TASK ITEM: Each line from the one containing "Casa si Gradina" to the last line of the listing below is to be duplicated exactly, and no picture is to be carried over.

START RECORDS FOR THE EXERCISE

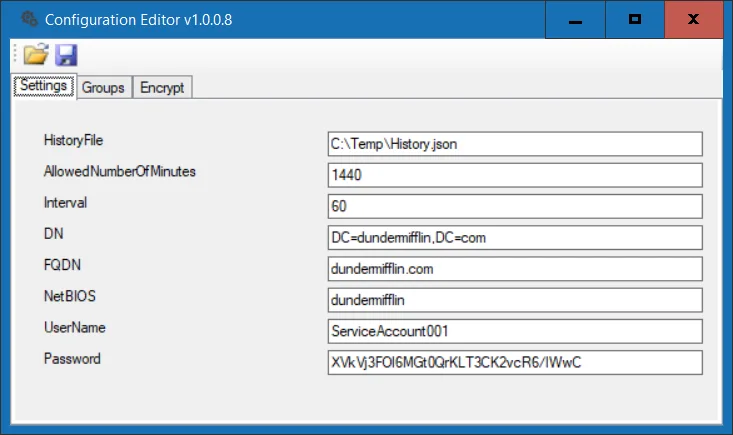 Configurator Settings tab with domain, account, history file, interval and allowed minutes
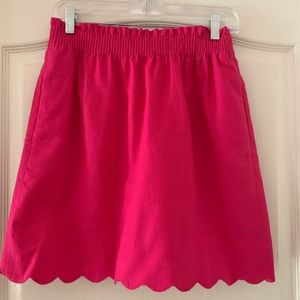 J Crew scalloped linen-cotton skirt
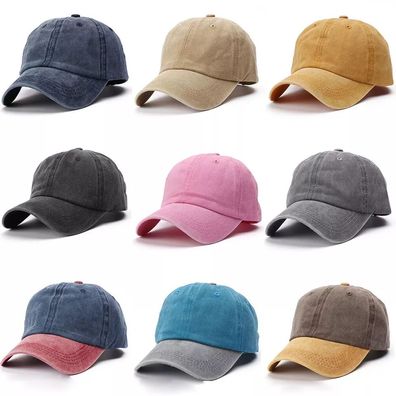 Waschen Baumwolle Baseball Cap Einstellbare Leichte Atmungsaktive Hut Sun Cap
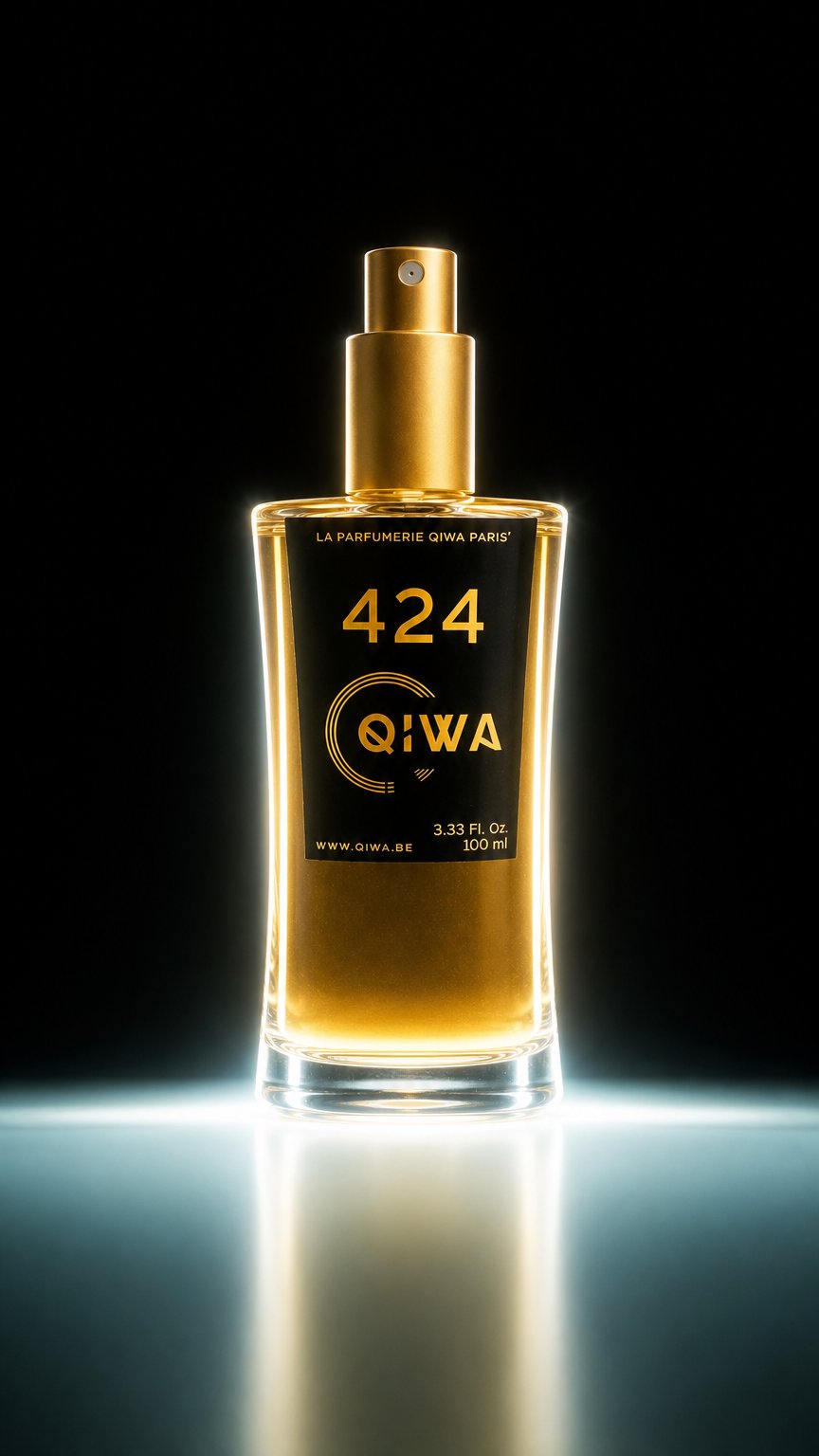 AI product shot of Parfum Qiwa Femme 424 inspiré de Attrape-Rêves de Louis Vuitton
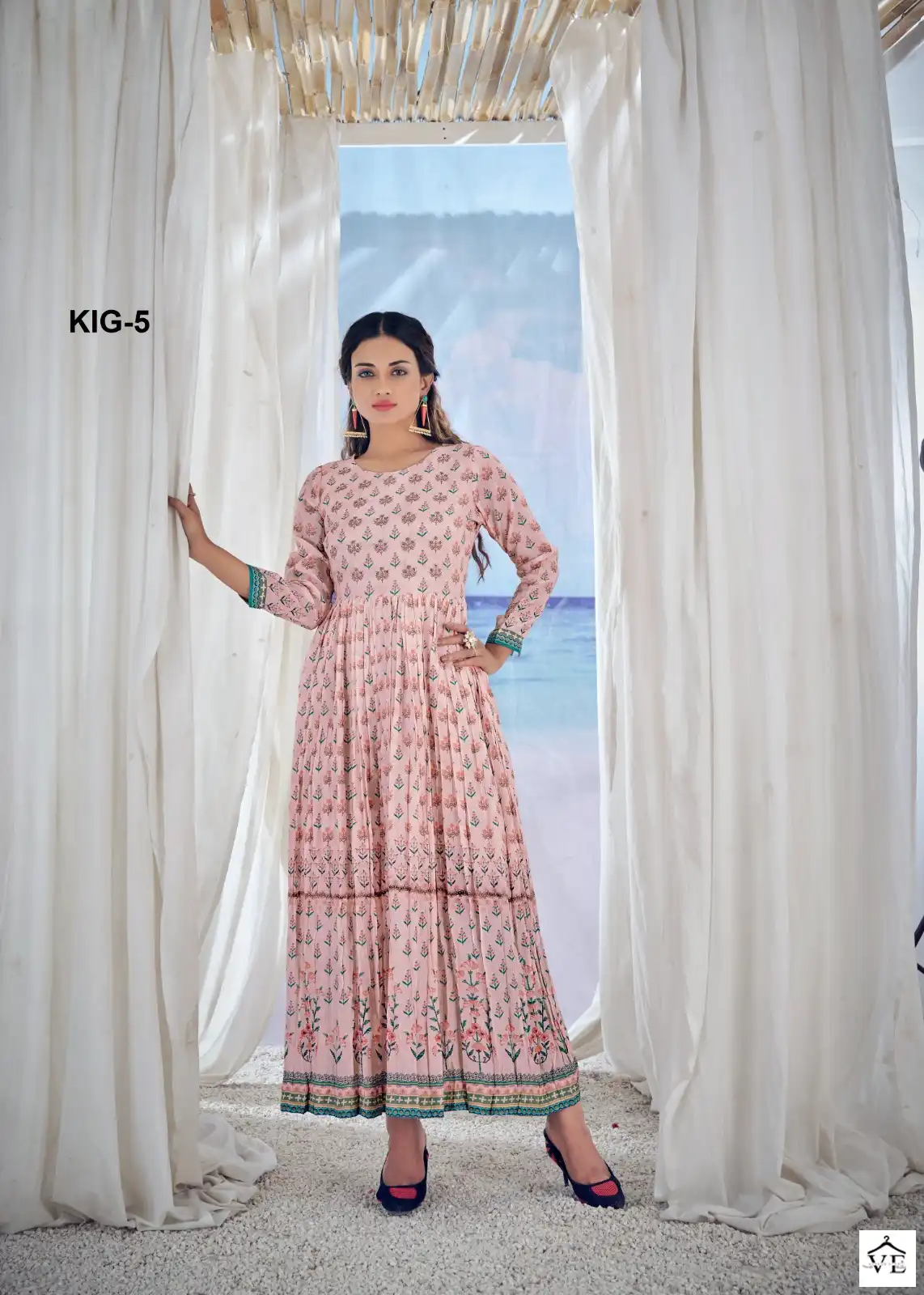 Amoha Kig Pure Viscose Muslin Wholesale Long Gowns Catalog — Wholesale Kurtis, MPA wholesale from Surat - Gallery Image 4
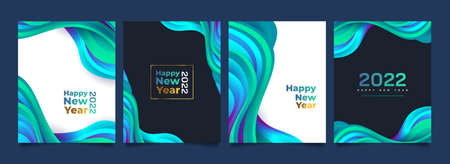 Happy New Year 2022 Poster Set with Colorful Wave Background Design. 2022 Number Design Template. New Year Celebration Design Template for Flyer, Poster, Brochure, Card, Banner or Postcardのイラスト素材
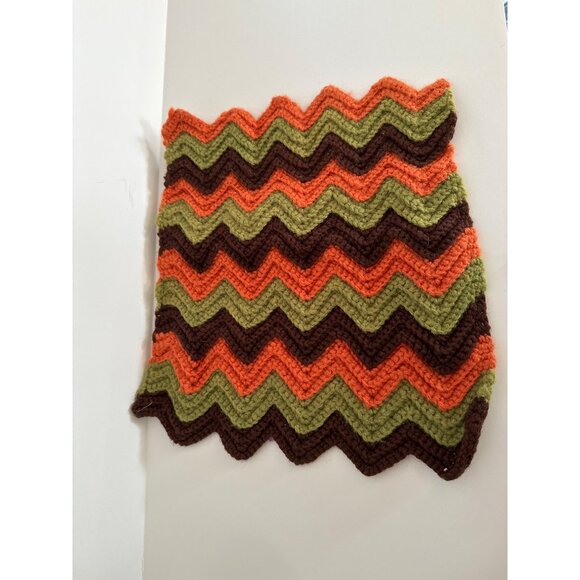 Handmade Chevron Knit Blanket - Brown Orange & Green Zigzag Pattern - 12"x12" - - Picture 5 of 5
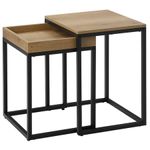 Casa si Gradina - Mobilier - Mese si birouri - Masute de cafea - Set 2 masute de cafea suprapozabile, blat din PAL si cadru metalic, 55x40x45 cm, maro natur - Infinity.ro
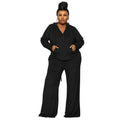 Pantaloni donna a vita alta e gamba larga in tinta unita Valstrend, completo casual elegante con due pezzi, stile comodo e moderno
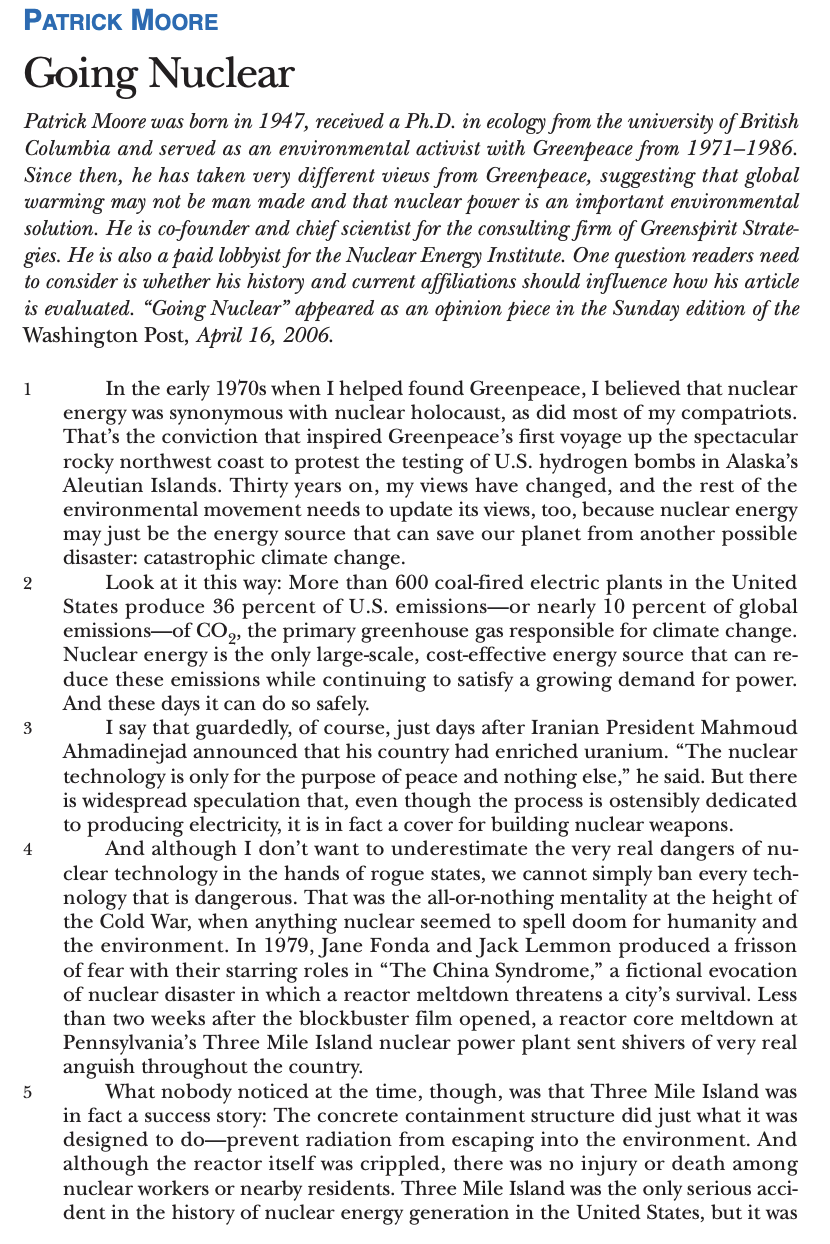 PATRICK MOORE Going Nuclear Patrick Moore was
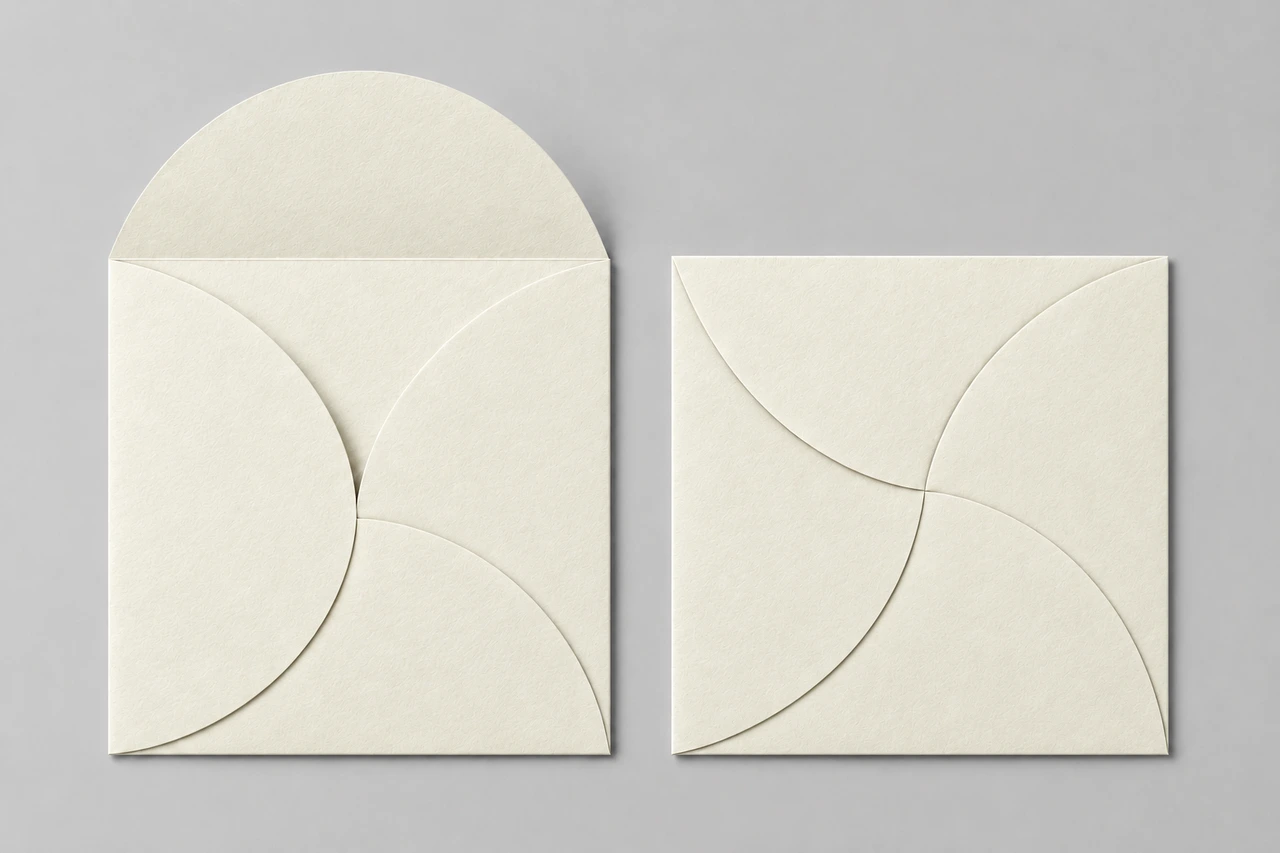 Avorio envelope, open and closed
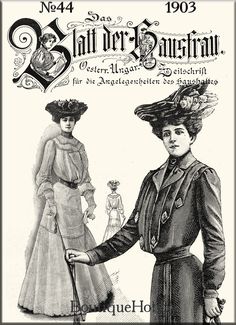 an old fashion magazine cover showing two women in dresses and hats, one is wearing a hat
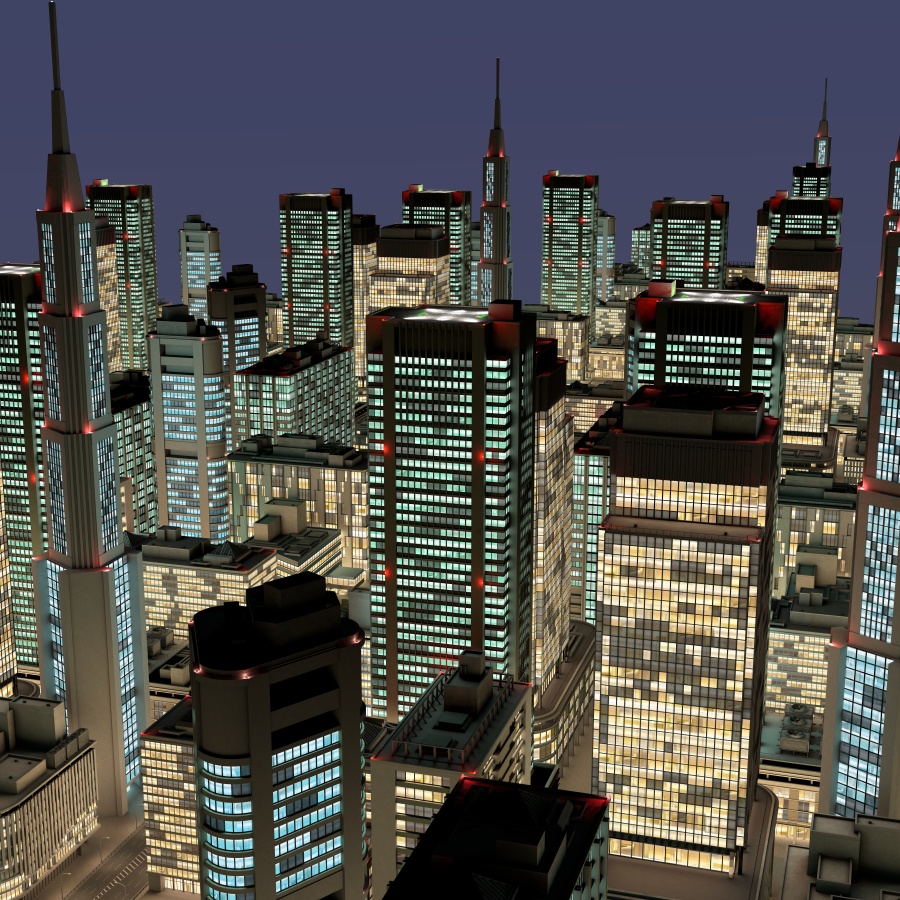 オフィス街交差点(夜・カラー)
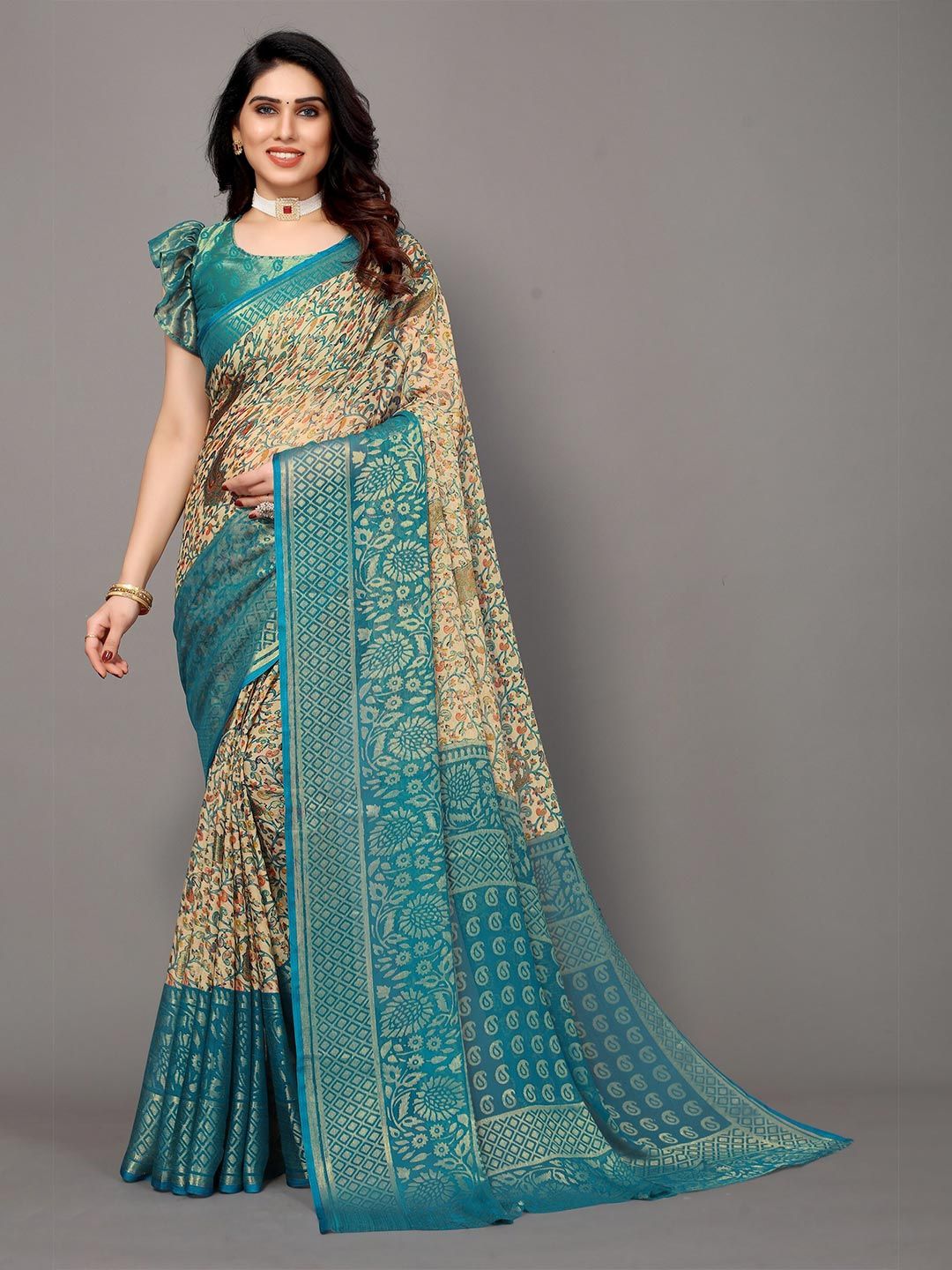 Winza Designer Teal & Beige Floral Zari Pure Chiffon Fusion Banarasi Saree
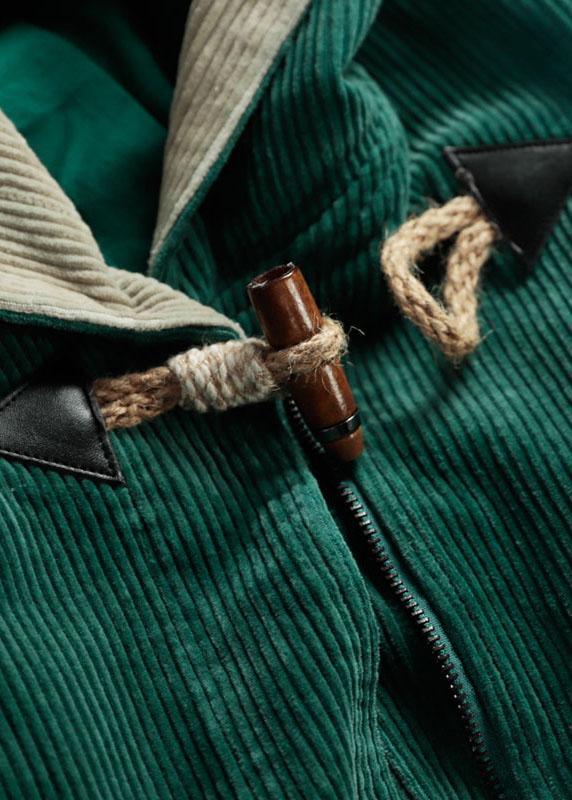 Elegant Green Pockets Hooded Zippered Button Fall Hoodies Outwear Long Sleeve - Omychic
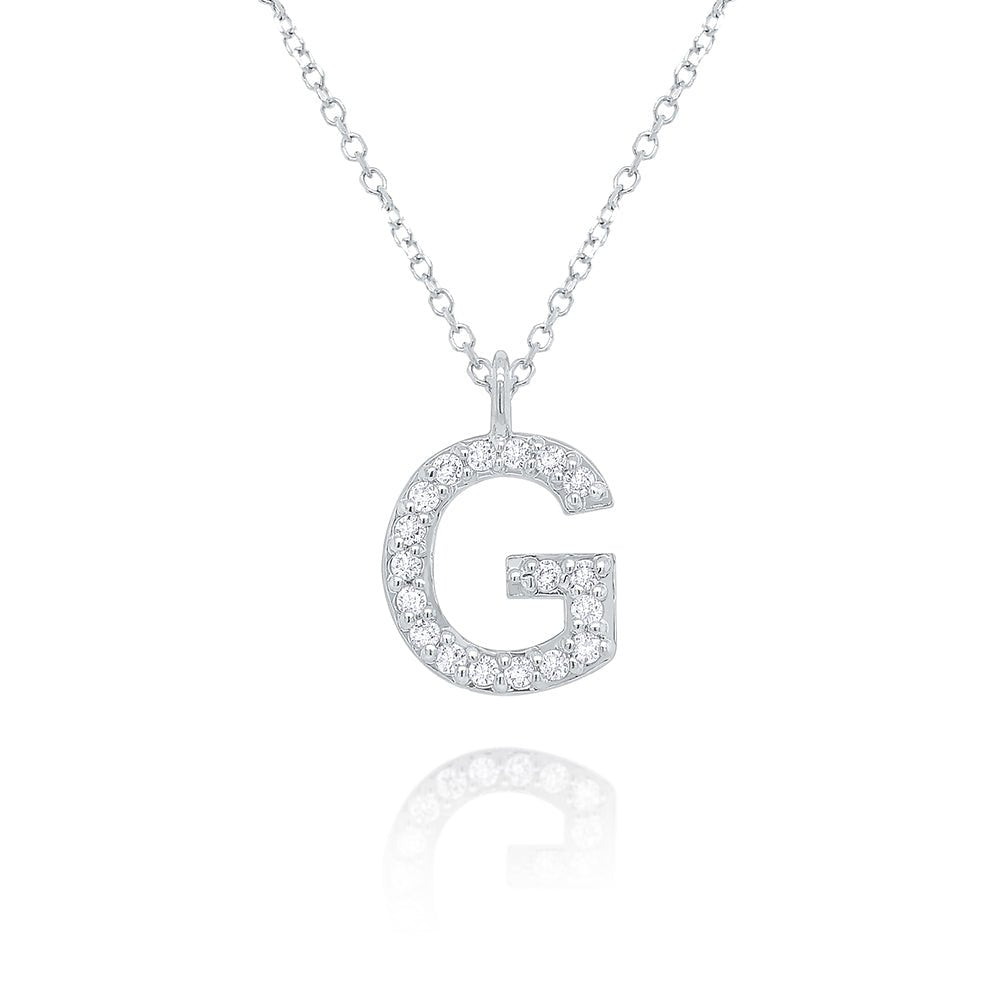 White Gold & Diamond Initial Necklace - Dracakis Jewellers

END RECORDS FOR THE EXERCISE

SOLUTION:
 Casa si Gradina - Mobilier - Mese si birouri - Masute de cafea - Set 2 masute de cafea suprapozabile, blat din PAL si cadru metalic, 55x40x45 cm, maro natur - Infinity.ro
 Pantaloni donna a vita alta e gamba larga in tinta unita Valstrend, completo casual elegante con due pezzi, stile comodo e moderno
 PATRICK MOORE Going Nuclear Patrick Moore was
 Avorio envelope, open and closed
 an old fashion magazine cover showing two women in dresses and hats, one is wearing a hat
 オフィス街交差点(夜・カラー)
 Winza Designer Teal & Beige Floral Zari Pure Chiffon Fusion Banarasi Saree
 Elegant Green Pockets Hooded Zippered Button Fall Hoodies Outwear Long Sleeve - Omychic
 White Gold & Diamond Initial Necklace - Dracakis Jewellers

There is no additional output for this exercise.